© 2000 by Oxford University Press
Journal of the National Cancer Institute, Vol. 92, No. 6, 438-440,
March 15, 2000
© 2000 Oxford University Press
EDITORIALS |
Aberrant Retinoid Signaling and Breast Cancer: the View From Outside the Nucleus
Affiliations of authors: M. J. Spinella, Department of Pharmacology and Toxicology, Dartmouth Medical School, Hanover, NH, and Norris Cotton Cancer Center, Dartmouth Hitchcock Medical Center, Lebanon, NH; E. Dmitrovsky, Department of Pharmacology and Toxicology, Dartmouth Medical School, and Department of Medicine and Norris Cotton Cancer Center, Dartmouth Hitchcock Medical Center.
Correspondence to: Ethan Dmitrovsky, M.D., Department of Pharmacology and Toxicology, 7650 Remsen, Dartmouth Medical School, Hanover, NH 03755 (e-mail: ethan.dmitrovsky@dartmouth.edu).
Retinoids are synthetic and natural analogues of vitamin A (retinol).

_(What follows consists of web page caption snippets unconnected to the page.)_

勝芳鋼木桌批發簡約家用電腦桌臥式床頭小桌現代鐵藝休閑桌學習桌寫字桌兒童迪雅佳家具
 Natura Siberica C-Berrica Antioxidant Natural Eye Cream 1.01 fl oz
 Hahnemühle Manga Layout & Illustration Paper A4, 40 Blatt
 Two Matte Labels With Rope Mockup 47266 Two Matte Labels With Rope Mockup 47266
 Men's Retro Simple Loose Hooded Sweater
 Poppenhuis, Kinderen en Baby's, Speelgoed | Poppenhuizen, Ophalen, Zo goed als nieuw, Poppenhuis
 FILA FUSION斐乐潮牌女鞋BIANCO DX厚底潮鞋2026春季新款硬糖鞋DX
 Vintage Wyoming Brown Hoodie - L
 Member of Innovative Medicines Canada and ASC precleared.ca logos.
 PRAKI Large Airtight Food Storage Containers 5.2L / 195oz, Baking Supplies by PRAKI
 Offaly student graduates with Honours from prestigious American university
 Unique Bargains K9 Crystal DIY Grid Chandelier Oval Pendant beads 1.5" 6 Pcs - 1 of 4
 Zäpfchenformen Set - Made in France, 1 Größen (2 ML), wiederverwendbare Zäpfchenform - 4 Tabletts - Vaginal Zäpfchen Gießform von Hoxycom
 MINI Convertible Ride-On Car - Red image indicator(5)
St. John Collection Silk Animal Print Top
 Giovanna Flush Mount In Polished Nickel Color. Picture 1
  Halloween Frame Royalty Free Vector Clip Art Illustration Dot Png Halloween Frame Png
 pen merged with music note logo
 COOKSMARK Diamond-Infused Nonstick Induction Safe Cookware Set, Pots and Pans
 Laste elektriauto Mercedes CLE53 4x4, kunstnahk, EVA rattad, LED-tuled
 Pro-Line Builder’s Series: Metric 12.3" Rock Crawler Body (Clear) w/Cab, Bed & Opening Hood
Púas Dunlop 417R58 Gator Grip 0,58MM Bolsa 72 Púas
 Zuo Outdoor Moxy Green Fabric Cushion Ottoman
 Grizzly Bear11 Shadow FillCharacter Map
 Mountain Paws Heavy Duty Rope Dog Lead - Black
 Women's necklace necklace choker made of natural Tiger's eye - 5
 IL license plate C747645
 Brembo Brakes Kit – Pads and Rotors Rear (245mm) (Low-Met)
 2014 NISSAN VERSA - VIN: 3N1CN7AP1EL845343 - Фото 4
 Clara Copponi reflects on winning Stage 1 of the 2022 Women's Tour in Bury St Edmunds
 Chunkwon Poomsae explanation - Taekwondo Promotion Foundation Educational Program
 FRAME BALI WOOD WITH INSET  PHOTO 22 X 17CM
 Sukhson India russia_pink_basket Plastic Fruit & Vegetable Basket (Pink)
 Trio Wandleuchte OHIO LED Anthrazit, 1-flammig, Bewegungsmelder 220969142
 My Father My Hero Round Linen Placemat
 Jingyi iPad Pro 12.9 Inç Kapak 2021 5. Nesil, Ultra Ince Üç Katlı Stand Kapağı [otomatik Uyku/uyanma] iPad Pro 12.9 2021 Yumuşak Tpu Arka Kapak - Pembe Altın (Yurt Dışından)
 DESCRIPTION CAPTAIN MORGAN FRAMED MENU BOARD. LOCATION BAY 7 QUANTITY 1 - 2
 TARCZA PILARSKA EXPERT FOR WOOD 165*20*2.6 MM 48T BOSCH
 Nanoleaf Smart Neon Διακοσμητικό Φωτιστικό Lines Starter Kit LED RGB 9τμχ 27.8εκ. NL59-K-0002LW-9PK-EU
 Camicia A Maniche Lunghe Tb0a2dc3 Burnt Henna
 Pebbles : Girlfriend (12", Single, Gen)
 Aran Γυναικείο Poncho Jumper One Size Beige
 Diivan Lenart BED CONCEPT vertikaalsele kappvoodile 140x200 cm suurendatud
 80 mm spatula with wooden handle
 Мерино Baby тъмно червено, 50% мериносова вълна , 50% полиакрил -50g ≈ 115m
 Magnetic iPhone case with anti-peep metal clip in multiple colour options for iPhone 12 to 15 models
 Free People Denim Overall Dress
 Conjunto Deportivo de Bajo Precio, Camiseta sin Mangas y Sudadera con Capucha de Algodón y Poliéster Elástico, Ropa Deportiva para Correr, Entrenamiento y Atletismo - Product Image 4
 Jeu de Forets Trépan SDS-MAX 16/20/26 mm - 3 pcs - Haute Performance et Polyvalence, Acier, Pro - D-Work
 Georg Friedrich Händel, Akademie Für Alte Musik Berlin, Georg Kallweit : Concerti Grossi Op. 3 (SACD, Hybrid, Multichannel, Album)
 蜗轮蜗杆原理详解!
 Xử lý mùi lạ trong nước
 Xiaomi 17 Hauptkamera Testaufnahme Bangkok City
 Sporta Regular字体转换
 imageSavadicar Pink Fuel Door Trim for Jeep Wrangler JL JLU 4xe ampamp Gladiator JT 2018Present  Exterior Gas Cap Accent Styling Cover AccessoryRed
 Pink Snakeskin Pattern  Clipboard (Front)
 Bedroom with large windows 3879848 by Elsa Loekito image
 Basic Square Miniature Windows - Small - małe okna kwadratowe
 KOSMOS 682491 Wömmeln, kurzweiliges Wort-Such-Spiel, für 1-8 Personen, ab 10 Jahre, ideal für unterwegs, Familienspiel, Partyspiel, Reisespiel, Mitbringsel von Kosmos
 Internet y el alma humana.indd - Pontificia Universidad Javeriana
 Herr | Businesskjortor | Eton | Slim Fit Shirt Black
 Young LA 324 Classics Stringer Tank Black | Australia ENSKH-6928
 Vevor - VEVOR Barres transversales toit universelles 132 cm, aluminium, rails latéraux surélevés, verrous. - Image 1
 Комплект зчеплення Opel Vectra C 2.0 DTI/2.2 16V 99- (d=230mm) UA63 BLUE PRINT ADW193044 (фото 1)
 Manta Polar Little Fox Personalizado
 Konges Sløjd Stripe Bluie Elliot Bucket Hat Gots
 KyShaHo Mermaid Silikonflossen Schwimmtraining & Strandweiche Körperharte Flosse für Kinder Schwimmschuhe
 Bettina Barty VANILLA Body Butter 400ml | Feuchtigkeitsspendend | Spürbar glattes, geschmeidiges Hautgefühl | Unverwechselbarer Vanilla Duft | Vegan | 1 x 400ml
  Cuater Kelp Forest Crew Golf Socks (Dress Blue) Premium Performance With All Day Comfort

In 1925, Wolbach and Howe (1) reported that the epithelium of vitamin A-deficient rats develops squamous metaplasia resembling lesions that occur early during carcinogenesis. Notably, this squamous metaplasia reversed with vitamin A treatment. This notion that retinoids inhibit carcinogenesis was supported by extensive animal studies conducted in the 1970s that demonstrated retinoid chemopreventive effects on the epithelium of various tissues after exposure to chemical mutagens (2). However, the mechanisms involved were unknown. Several cytosolic or cellular proteins that bind retinoids with high affinity were identified (3), yet it was unclear what direct role, if any, these proteins had in mediating retinoid actions.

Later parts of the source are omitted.